• What the exercise asks: Given the records below, would you repeat exactly the lines that begin at the one containing "CC Large Deauville" and end at the one containing "Bên ngoài Saku", inclusive?

• Material for this exercise:
========================================================================

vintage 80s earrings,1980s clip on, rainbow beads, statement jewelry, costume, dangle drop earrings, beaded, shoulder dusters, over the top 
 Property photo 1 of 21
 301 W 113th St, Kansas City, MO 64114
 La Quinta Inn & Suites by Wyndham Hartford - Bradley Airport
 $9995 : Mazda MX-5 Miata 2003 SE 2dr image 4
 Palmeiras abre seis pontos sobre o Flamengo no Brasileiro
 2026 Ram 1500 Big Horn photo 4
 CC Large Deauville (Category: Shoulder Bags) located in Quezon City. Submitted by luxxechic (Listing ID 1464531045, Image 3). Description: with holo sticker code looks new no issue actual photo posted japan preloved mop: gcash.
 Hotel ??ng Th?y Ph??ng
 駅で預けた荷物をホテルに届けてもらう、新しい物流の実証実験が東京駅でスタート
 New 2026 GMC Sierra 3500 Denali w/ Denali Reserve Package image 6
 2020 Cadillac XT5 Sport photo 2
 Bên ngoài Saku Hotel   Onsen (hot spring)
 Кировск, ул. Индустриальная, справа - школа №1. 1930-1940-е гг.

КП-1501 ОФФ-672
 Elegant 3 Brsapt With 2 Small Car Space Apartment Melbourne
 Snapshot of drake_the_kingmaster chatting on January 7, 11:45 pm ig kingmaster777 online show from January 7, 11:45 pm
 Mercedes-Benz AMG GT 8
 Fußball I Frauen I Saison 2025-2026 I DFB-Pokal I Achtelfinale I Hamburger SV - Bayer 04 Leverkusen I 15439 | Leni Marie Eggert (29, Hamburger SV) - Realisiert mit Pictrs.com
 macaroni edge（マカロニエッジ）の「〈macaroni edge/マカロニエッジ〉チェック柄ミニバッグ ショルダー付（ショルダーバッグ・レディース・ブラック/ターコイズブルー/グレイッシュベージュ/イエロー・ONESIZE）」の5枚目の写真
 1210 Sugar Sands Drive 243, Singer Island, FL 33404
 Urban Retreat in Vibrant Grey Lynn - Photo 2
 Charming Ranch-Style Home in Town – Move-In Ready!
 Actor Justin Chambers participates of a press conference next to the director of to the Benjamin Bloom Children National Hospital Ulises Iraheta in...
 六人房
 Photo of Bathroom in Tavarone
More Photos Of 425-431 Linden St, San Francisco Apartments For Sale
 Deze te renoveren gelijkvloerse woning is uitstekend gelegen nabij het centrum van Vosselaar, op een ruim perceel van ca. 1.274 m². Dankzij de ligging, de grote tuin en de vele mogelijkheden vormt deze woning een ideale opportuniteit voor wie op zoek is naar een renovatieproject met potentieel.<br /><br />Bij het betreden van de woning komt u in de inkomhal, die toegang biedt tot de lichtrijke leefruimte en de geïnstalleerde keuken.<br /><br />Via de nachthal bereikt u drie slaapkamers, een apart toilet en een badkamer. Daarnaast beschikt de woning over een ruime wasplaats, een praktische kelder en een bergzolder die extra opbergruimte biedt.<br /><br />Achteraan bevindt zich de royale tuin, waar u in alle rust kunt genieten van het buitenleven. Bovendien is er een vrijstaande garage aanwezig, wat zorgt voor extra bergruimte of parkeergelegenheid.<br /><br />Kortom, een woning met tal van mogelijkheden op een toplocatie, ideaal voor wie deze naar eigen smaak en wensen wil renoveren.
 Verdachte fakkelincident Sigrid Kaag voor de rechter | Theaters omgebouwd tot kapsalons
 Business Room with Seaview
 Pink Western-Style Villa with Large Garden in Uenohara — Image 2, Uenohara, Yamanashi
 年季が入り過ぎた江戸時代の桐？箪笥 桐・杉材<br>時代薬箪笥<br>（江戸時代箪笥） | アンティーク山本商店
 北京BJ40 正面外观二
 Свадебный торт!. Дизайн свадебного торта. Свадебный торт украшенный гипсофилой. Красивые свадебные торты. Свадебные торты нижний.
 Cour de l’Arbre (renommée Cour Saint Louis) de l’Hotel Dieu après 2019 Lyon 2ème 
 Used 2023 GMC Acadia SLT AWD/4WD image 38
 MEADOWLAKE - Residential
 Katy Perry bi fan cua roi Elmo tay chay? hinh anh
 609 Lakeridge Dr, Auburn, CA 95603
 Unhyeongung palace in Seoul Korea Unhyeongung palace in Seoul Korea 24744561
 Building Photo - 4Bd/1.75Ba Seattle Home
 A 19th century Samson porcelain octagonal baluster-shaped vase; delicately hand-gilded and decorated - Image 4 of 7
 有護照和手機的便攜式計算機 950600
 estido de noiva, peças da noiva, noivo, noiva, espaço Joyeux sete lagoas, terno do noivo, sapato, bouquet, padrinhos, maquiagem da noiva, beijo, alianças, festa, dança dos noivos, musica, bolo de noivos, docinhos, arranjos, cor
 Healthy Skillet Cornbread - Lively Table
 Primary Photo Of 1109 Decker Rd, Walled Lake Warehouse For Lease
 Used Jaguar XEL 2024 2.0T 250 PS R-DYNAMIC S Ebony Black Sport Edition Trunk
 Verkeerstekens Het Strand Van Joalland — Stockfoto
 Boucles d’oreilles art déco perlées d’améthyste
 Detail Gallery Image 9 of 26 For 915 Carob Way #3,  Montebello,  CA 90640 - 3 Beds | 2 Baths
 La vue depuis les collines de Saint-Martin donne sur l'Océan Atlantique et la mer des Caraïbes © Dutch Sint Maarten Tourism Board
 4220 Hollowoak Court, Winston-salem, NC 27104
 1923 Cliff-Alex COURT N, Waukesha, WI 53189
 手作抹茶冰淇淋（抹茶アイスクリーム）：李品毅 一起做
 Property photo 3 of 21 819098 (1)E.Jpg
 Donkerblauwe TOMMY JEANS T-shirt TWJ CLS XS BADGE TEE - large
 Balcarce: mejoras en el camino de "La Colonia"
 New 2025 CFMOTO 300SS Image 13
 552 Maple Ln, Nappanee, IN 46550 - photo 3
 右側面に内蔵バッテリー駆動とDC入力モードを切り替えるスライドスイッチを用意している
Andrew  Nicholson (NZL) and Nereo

========================================================================

• Answer space:
 CC Large Deauville (Category: Shoulder Bags) located in Quezon City. Submitted by luxxechic (Listing ID 1464531045, Image 3). Description: with holo sticker code looks new no issue actual photo posted japan preloved mop: gcash.
 Hotel ??ng Th?y Ph??ng
 駅で預けた荷物をホテルに届けてもらう、新しい物流の実証実験が東京駅でスタート
 New 2026 GMC Sierra 3500 Denali w/ Denali Reserve Package image 6
 2020 Cadillac XT5 Sport photo 2
 Bên ngoài Saku Hotel   Onsen (hot spring)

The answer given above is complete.